Building Data Pipelines

Problem Statement

There are various usecases to consume data from multiple source streams (Kafka, SQS, RMQ) and populating to stores like Redis, DDB, MySql, S3, Http Rest and Kafka with a minimal processing (no heavy business logic). Data copy could be real time streaming or batch. So we need a generic framework to ship data from any source to any sink with a reliability, sink and source can be a Http endpoint also which is a usecase for configuring http webhooks (dumping the request data to Kafka and process them asynchronously). We should be able to deploy service (usecase) by just configuring source and sink endpoints and some simple SerDe code.


When it comes to handling data flowing to/from a variety of data sources, Flume can rescue for a wide variety of use cases.

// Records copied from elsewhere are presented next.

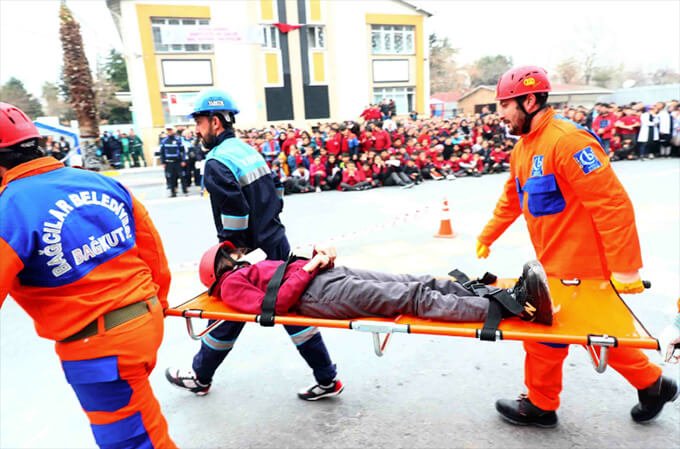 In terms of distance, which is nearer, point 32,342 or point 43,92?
point 32,342

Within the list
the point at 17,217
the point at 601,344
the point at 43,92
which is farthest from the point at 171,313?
the point at 43,92

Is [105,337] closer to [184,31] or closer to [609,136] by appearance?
[609,136]

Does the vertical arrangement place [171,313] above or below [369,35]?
below

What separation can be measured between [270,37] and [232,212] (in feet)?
76.3

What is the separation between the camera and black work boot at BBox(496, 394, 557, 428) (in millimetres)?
2447

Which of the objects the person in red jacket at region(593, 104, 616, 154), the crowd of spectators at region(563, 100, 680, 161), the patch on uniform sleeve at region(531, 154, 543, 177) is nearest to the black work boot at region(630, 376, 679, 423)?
the patch on uniform sleeve at region(531, 154, 543, 177)

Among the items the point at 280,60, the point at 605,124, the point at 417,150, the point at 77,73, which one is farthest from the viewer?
the point at 280,60

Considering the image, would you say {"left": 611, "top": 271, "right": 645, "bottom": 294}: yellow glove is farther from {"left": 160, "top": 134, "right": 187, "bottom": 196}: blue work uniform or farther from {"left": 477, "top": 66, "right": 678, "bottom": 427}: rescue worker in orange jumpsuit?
{"left": 160, "top": 134, "right": 187, "bottom": 196}: blue work uniform

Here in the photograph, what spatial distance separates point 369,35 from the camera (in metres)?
25.3

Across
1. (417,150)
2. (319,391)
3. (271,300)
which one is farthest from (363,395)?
(417,150)

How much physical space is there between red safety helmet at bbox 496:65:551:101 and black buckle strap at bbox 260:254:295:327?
58.8 inches

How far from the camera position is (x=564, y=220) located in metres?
2.35

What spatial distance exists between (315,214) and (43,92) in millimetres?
52681

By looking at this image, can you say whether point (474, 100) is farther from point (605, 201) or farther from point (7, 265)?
point (7, 265) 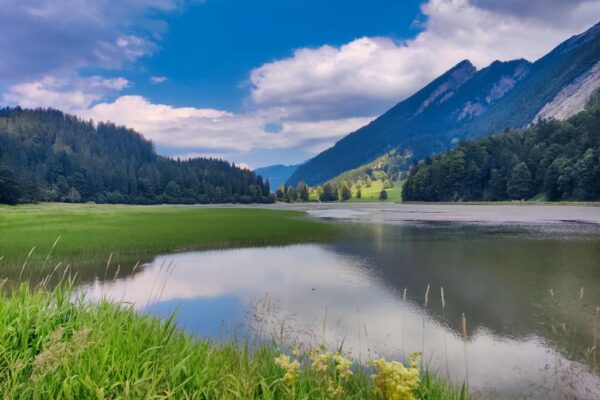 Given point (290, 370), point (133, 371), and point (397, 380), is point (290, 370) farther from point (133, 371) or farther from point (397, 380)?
point (133, 371)

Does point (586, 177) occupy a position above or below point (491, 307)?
above

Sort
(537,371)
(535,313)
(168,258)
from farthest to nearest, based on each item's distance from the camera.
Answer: (168,258) → (535,313) → (537,371)

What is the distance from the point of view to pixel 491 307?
1619 centimetres

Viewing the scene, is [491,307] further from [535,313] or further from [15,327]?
[15,327]

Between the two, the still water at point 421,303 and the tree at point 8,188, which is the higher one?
the tree at point 8,188

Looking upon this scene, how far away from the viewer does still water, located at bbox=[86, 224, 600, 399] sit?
10.8 m

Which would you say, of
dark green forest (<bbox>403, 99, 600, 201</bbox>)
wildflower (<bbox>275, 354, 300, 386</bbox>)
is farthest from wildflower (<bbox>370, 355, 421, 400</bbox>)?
dark green forest (<bbox>403, 99, 600, 201</bbox>)

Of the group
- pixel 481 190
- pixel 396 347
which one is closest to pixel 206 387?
pixel 396 347

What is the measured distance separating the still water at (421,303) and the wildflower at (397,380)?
11.1 ft

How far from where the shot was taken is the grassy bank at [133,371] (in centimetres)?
514

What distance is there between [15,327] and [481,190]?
183m

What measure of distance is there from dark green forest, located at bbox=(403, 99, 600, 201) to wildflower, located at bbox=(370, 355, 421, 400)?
140747mm

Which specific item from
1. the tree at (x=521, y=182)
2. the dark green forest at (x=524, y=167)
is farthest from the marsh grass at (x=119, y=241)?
the tree at (x=521, y=182)

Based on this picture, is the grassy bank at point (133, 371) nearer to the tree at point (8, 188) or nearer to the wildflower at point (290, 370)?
the wildflower at point (290, 370) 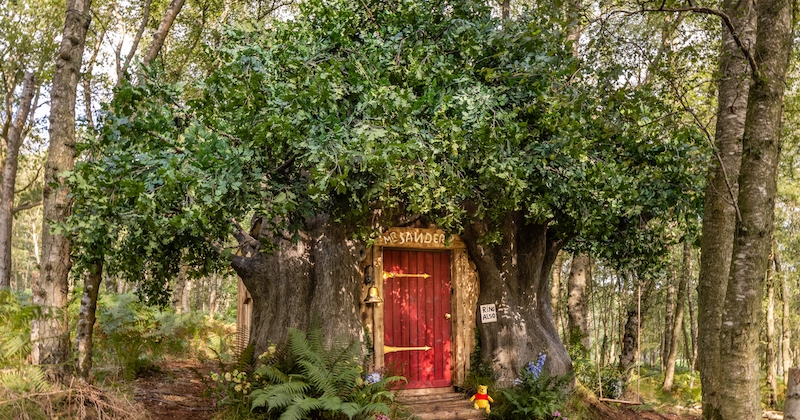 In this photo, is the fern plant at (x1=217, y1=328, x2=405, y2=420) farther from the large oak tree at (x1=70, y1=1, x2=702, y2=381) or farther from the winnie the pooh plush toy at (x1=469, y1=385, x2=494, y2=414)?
the winnie the pooh plush toy at (x1=469, y1=385, x2=494, y2=414)

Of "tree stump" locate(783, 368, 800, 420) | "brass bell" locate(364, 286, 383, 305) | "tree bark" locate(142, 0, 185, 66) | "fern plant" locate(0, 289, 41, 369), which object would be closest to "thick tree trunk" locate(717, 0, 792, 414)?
"tree stump" locate(783, 368, 800, 420)

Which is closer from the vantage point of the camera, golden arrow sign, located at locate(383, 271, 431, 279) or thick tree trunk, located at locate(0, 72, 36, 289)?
golden arrow sign, located at locate(383, 271, 431, 279)

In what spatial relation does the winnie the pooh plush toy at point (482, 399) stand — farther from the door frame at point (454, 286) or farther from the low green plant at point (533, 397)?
the door frame at point (454, 286)

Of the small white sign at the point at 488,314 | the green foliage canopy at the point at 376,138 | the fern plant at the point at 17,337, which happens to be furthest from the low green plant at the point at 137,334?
the small white sign at the point at 488,314

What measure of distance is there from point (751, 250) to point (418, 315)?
529cm

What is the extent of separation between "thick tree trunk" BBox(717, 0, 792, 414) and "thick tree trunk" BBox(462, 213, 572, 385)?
3.89 meters

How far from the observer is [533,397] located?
8.43 meters

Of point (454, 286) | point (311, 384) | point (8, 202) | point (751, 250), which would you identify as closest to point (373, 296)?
point (454, 286)

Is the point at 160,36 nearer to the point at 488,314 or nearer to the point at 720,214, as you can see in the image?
the point at 488,314

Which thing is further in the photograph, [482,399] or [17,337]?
[482,399]

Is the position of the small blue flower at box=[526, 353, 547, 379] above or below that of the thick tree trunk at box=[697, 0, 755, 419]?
below

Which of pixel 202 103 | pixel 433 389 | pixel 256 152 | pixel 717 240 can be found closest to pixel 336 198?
pixel 256 152

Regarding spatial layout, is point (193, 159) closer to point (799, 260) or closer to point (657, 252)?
point (657, 252)

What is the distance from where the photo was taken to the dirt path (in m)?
8.20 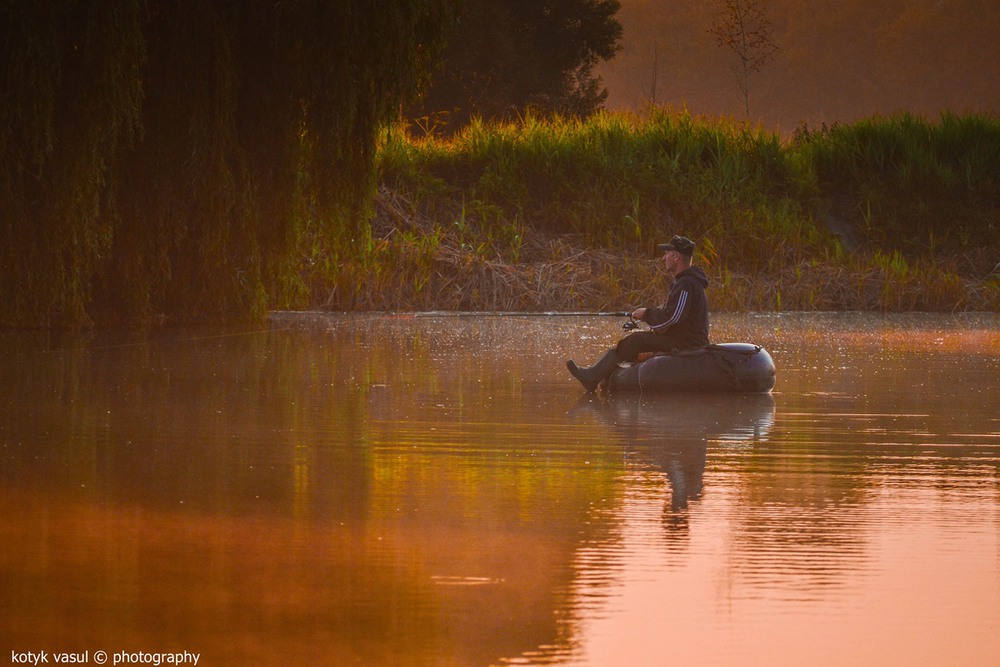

  1. Reliable data ingestion service from different type stores (RMQ, Kafka, MySql, SQS) to different types of stores (S3, DynamoDB, ScyllaDB, Redis, FCM, Kinesis). .
  2. Reliable data aggregator, collecting data from multiple data sources and storing in one centralized store (for example Kafka to S3).
  3. Data enrichment pipeline, If we need to read data from multiple streams and join them and store them in one place (like redis or mysql). For example if we want to enrich the data for a specific entity which has states/data coming from multiple topics from multiple services.
  4. We use it for data multiplexing, a data replicator to multiple data stores with a data filter. If we want to take multiple actions for the same event, for example we need to execute multiple actions like 1.Call Http Rest API 2. Call Comm-Platform for PN, 3.Call data platform client for instrumentation. All of these actions are configured as adaptors.
  5. We use it for ETL pipelines, We use this for loading DynamoDB for Spark job output.
  6. We use it as a webhooks.
  7. Service to Service communication with more reliable retries and back pressure support.

Why flume

  1. Reliable: It offers reliable message delivery. Flume uses a transactional approach to guarantee the reliable delivery of the events, where two transactions are maintained for each message one is sender and the other one is receiver.
  2. Fault tolerance and horizontal Scalable: Flume offers most of the source implementations and channels are distributed and scales horizontally.
  3. Extensible: Flume is implemented with interface design pattern, we can easily implement custom plugins and configure them to run in runtime, plugins and core engine is completely decoupled.
  4. High throughput, low latency : Flume is a very lightweight agent, It does not add any extra overhead while data ingestion from source to sink, we have tested and scaled max 2M events per second from kafka to multiple sources like S3, Hdfs and Scylla db.
  5. Data flow: Flume is designed using pipeline design pattern, where source and sinks are connected by a buffer (channel). Flume works with streaming data sources which continuously produces data. While the rate of incoming data exceeds the rate at which data can be written to the destination, buffer storage platform from transient spikes.
  6. Contextual routing: Flume supports contextual routing based on headers in input events, and does multiplexing or replicating data routing.
  7. Multi hop flows: Flume can be used as a multi hop data flow agent with simple declarative configurations, for example the dp events flow from an application can be configured with a simple configuration like http source => Kafka sink => S3.
  8. Fan-in, Fan-out flows: Fan-in and Fan-out da flow can be configured using multiplexing channels.
  9. Config: Flume agents are deployed as a declarative config .
  10. Metrics / Monitoring: Flume emits a lot of metrics for every component as it initializes through JMX, which can be easily routed thru prometheus.

Flume architecture

Core Concepts

The purpose of Flume is to provide a distributed, reliable, and available system for efficiently collecting, aggregating and moving large amounts of log data from many different sources to a centralized data store. The architecture of Flume NG is based on a few concepts that together help achieve this objective. Some of these concepts have existed in the past implementation, but have changed drastically. Here is a summary of concepts that Flume NG introduces, redefines, or reused from earlier implementation:

Event: A byte payload with optional string headers that represent the unit of data that Flume can transport from its point of origination to it’s final destination.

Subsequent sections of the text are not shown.